# Vintage Bicycle Show and Swap Charlotte NC, May 18th



## DuncanM (Apr 30, 2013)

Introducing the 2nd Vintage Bicycle Show and Swap.
Held in conjunction with the 10th annual Charlotte Transporter Show at Hodges Family Farm, May 18 2013, in Charlotte North Carolina, from 8 am to 2 pm.
The Hodges Family Farm is located at 3900 Rocky River Rd, Charlotte NC, 28215.

Admission is free.
Swap spots for bikes and related items will be $5 for a 10x10 space.

Hodges will have a concession stand during the event.

Please no loud music, burnouts or other disrespectful behavior on the farm property. Hodges Farm asks that you leave your dogs at home for this event.

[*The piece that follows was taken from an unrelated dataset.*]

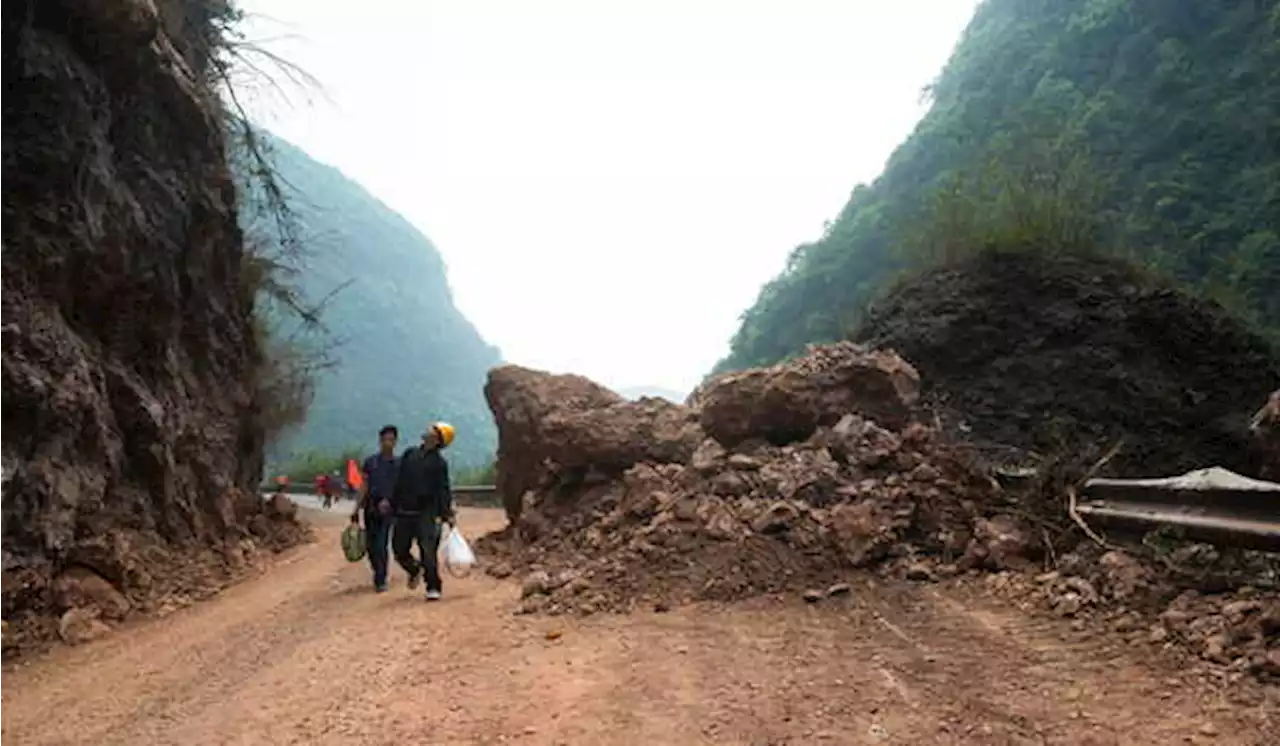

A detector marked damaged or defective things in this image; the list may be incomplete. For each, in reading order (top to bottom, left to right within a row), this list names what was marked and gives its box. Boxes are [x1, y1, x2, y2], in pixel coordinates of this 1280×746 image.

damaged guardrail [1080, 470, 1280, 552]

For further questions, please PM me.
More info to come.

Link to the Charlotte Transporter Show is below.
http://www.thesamba.com/vw/forum/viewto ... sc&start=0


----------



## DuncanM (May 16, 2013)

Just 2 days away! Come out and enjoy some vintage bikes and vintage Volkswagens!


----------



## richtrix (May 17, 2013)

Good luck Duncan....Hoping you have a good showing!


----------



## Freqman1 (May 20, 2013)

Just curious what the turn out for this one was? Pics? V/r Shawn


----------



## Freqman1 (May 28, 2013)

Did anyone go to this show? Its a possibility for me but I just want to make sure its worth the 6 hour round trip ride. V/r Shawn


----------